In the world of caring for your pet you will never get better advice than the advice you get from your vet. When you are looking for a German Shepherd breeder then your vet is probably one of the first people you want to ask for advice. If you currently have pets and have a business relationship with a vet then you can ask that vet for their referral to a German Shepherd breeder that they trust. If you do not have a vet then the best time to develop a relationship with a vet is when you are beginning to look for a breeder so that you can get that vet's advice.
Many of the more reputable breeders will list themselves with a national breeder registry like the American Kennel Club or some other reputable organization. If you find a breeder on a registry you can then check out the registry's breeding standards and know how that particular breeder prefers to breed dogs and decide if that is right for you or not.
It may not mean that breeders are not good German Shepherd breeders simply because they are not listed with a registry. After you search the registries you may want to also do a general search of the Internet. The Internet brings us all together and puts a world's worth of information at your fingertips. You can use that information to find the German Shepherd breeder that will work best with you and you may even luck out and find one with a website that you can look over to find information about their breeding schedules and usually a lot of cute pictures.
Your search for the perfect German Shepherd breeder in your area should consist of many different sources of information.
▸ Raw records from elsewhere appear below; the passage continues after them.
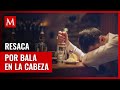 Hombre Descubre Bala En La Cabeza Tras 4 Días De Fiesta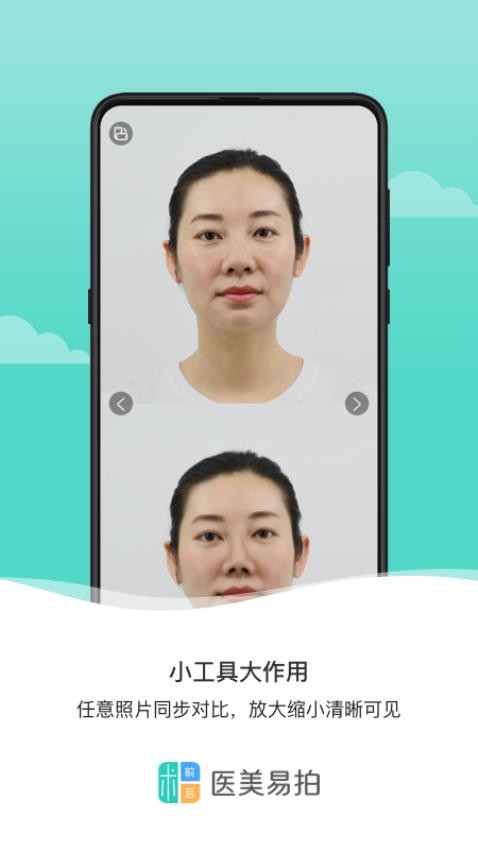 医美易拍app图3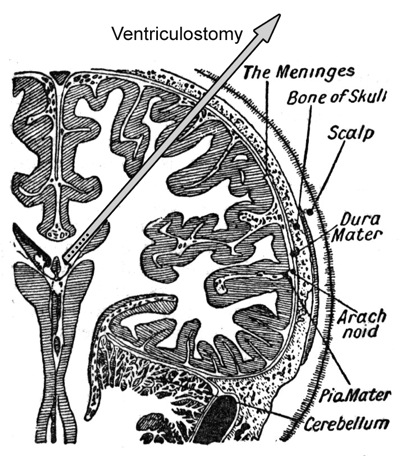 ventriculostomy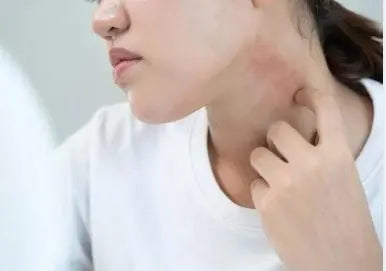 Sensitive Skin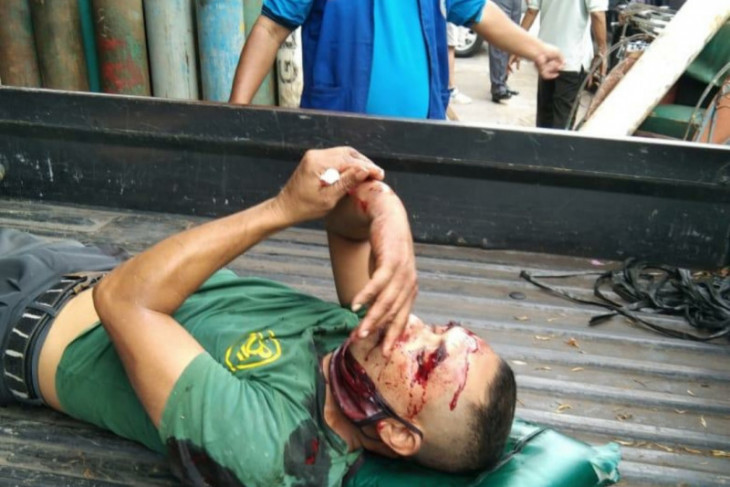 Seorang pekerja luka berat saat tabung oksigen meledak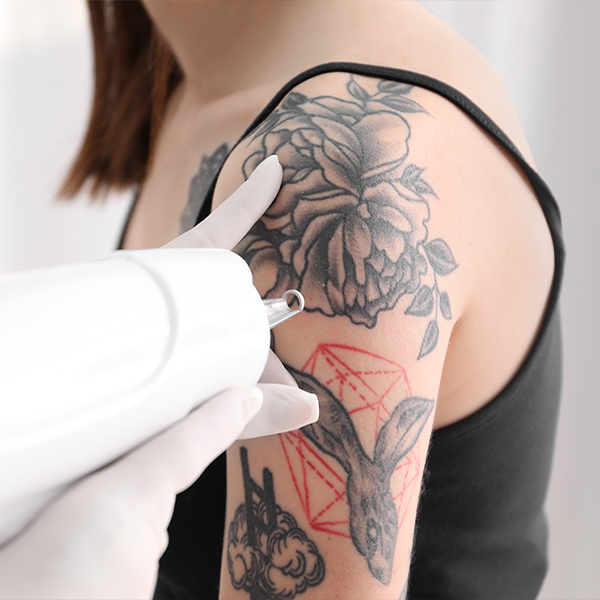 Tattoo Removal – Harley Plastic Surgery
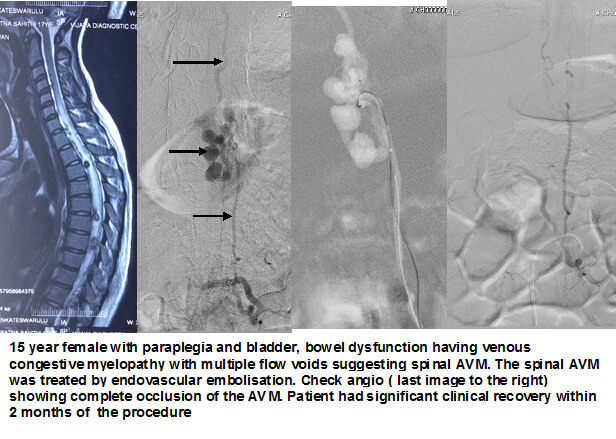 Embolization for Spinal AVM in Hyderabad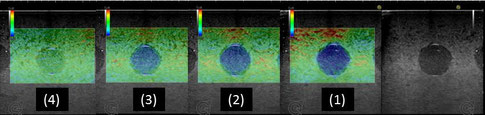ELPT-003C　エラストグラフィ像とBモード像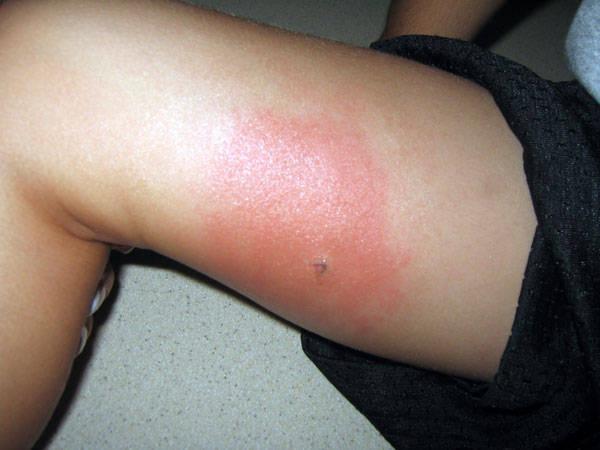 аллергия на укусы насекомых симптомы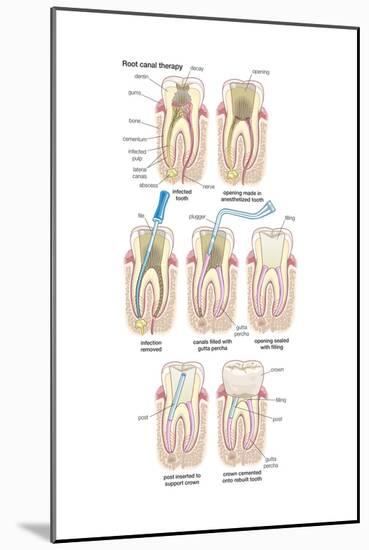 Dental Implant. Dentistry, Endodontics, Teeth, Tooth Damage, Oral Health, Health and Disease-Encyclopaedia Britannica-Mounted Art Print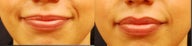 Restylane Lip Augmentation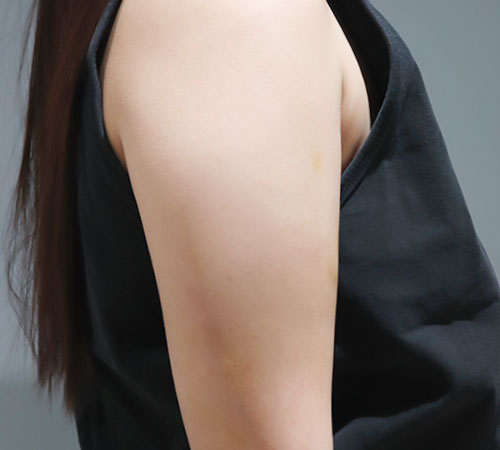 术后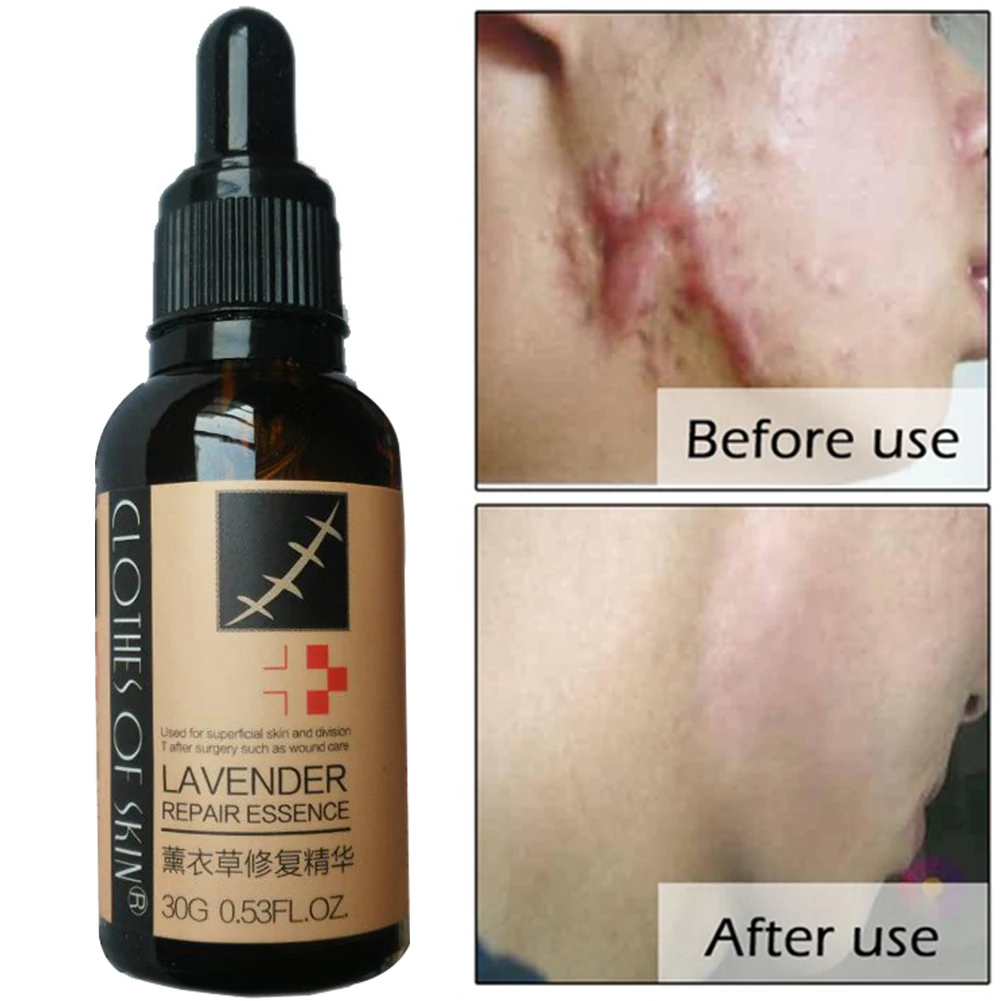 Лечение гладкой кожи восстановление эссенция для ухода за кожей лаванда дезальт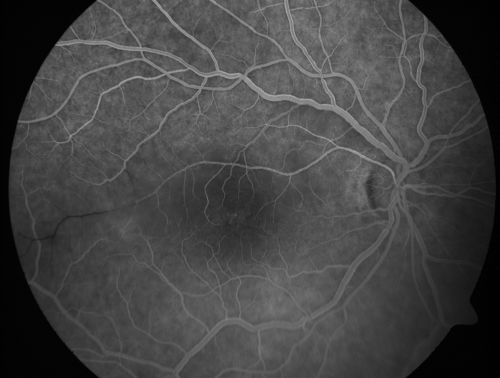 Branch Retinal Arterial Occlusion 20/20 Vision - Symptoms for 1 Day
75-year-old man was seen in the office on 4/6/2010.  He noticed a sudden vision change in the right eye yesterday morning.  20/20 Vision both Eyes

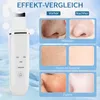 Ultraschall Skin Scrubber,4 Modi,Face Spatula Produktbild-Vorschau 6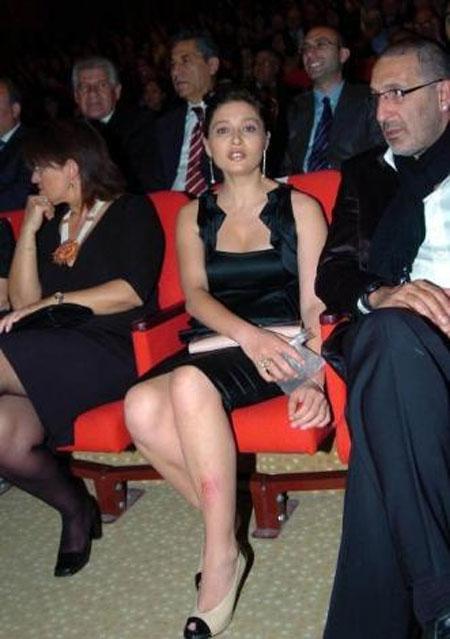 Nurgül Yeşilçay merdivenlerden düştü - Resim 8
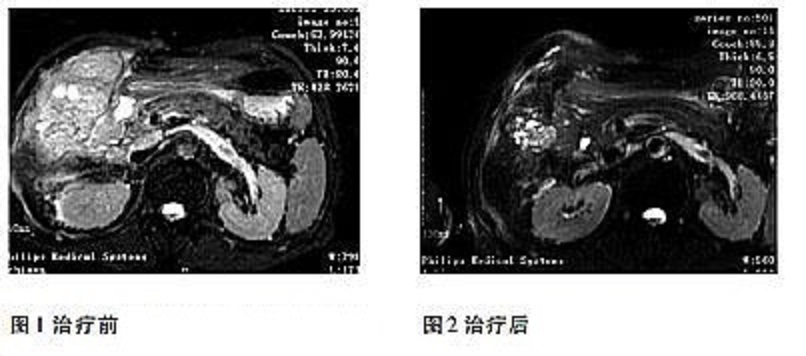 胆囊癌的早期症状是什么_郑州中医治疗胆囊癌
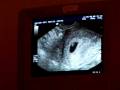 videos de Baby sonogram
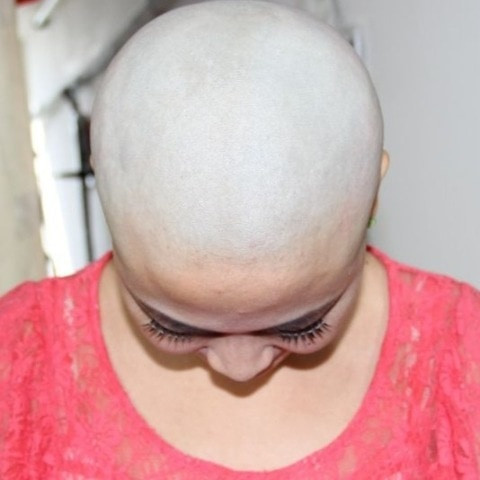 baldprincess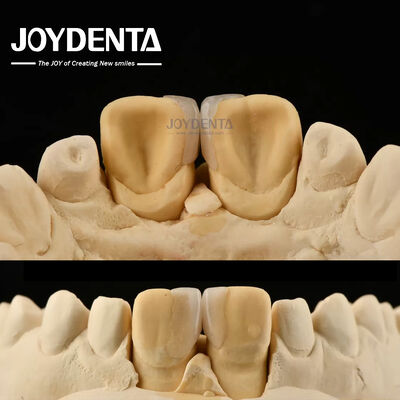 Buy 0.2mm Thickness Microthin Veneers Glass Ceramic Dental Veneers For Front Teeth online manufacture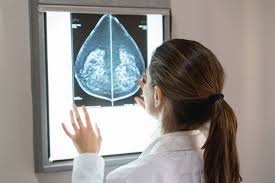 The study determined that the sweet spot for finding breast cancer is in the recall range of 12 to 14 percent, compared to the current guidelines of 5 to 12 percent. Understanding The Aggressive Breast Cancers Missed By Mammogram Screening Ohsu News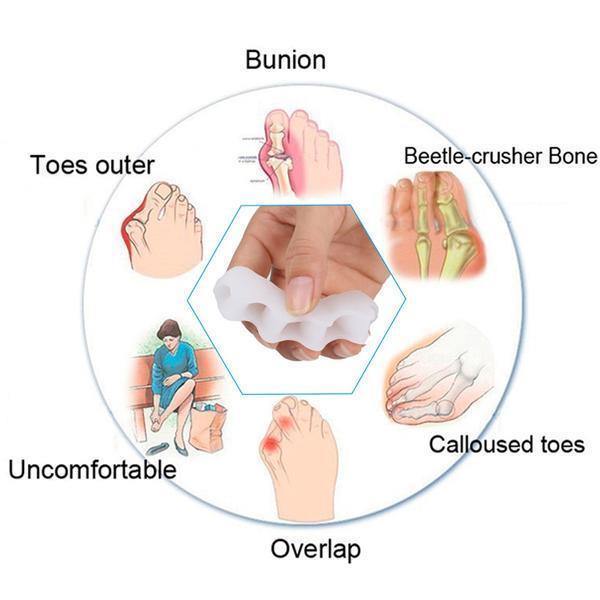 Adjustable orthopedic toe splint & separator for bunion and hammer toe relief, promoting foot alignment.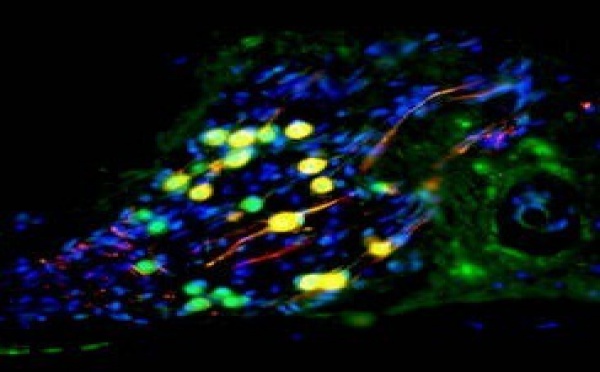 Des cellules souches pour améliorer l’ouïe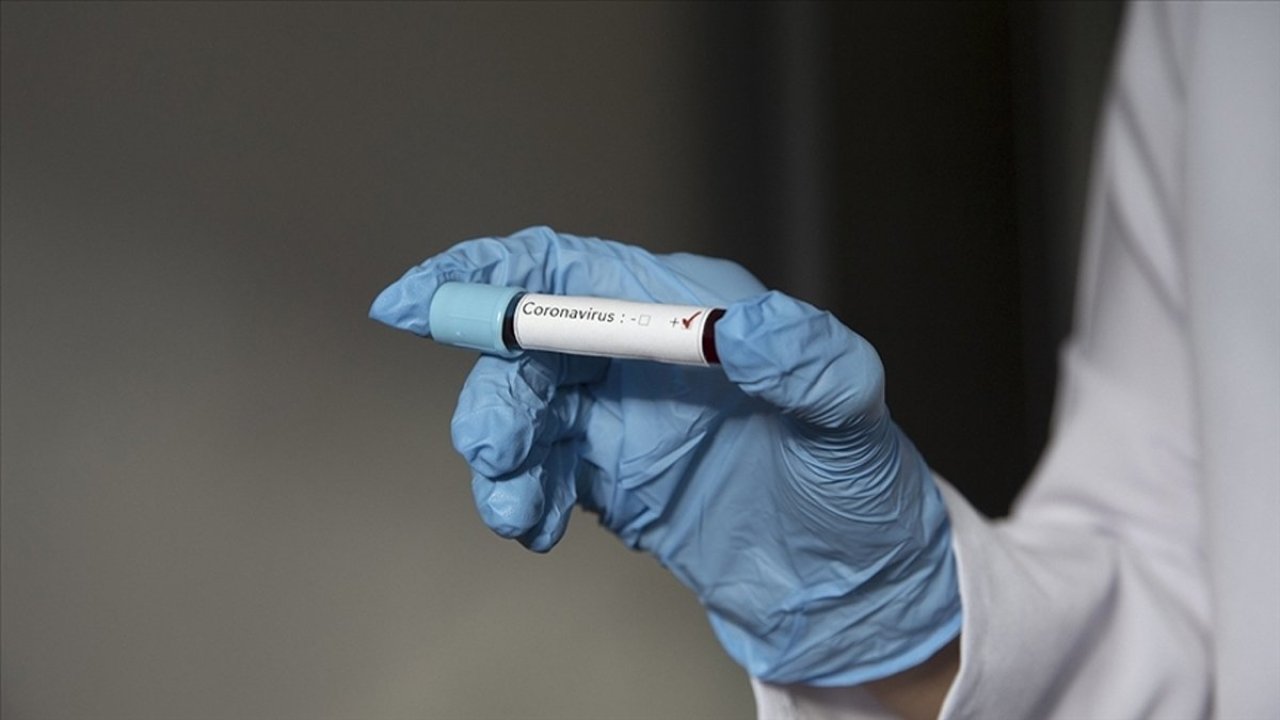 ABD'de Kovid ilacı diye çamaşır suyu sattılar!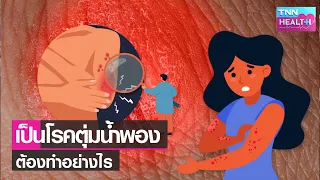การดูแลตนเองสำหรับผู้ป่วยตุ่มน้ำพองควรทำอย่างไรบ้าง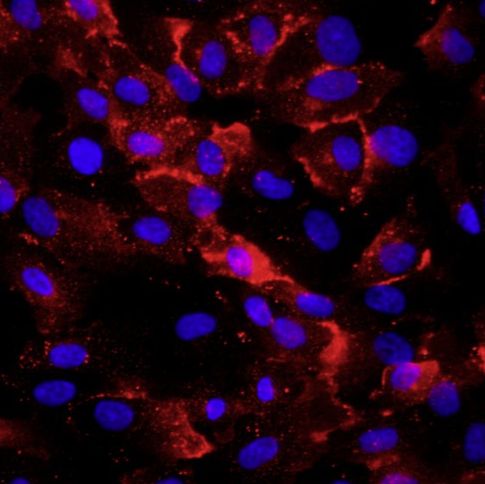 人脐静脉内皮细胞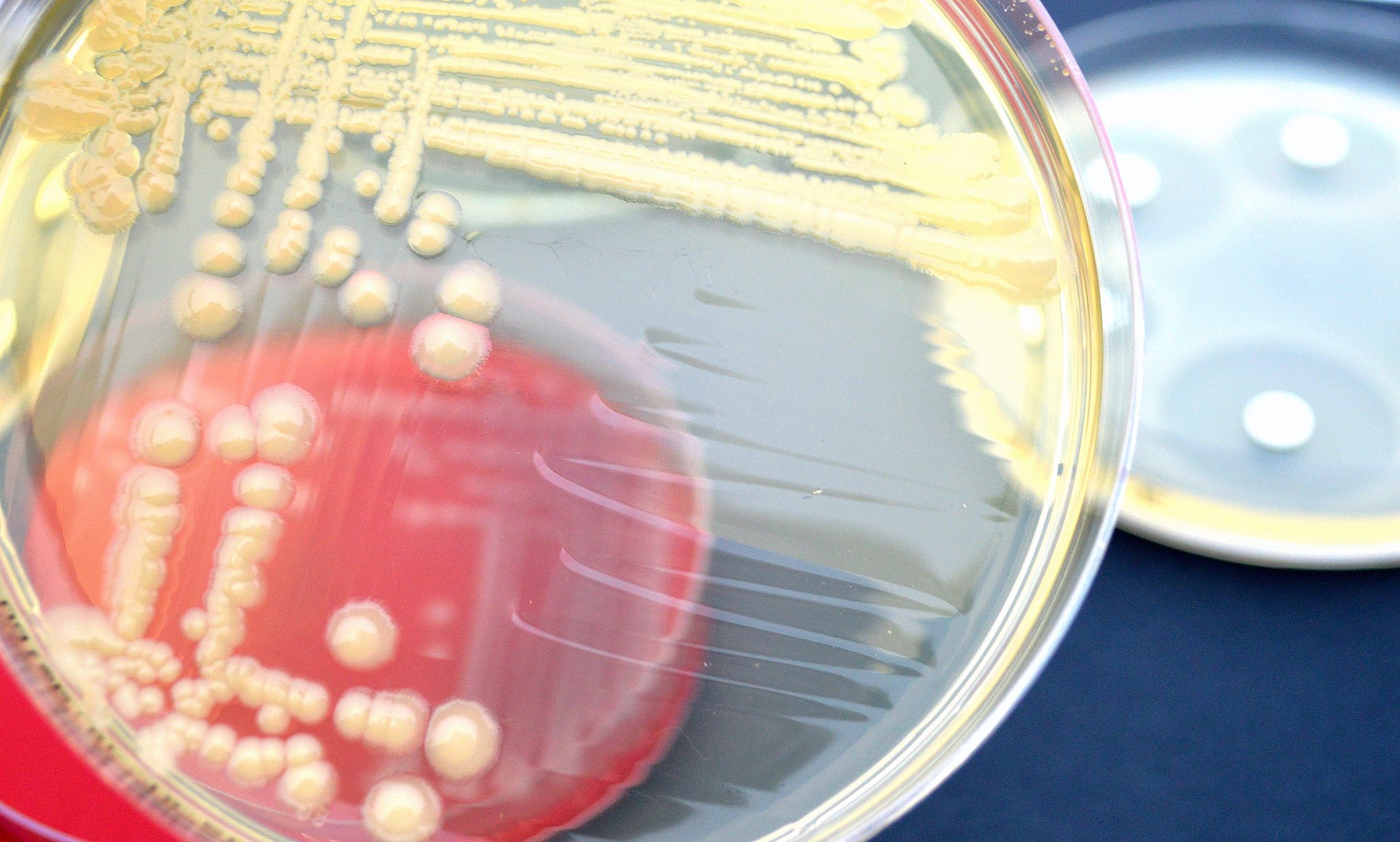 探究灵菌红素对感染金黄色葡萄球菌的小鼠肠道的影响实验中，经常被用到的菌类有哪些？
You should talk to as many qualified people as you can and utilize all the tools at your disposal before you make this very critical decision. Making the wrong decision about a German Shepherd breeder can be something you will have to live with for a very long time so make sure you do a detailed search and find the breeder that is right for you.
You can use this article in your search for quality German Shepherd breeders. If you are looking for important German Shepherd information you can use this article.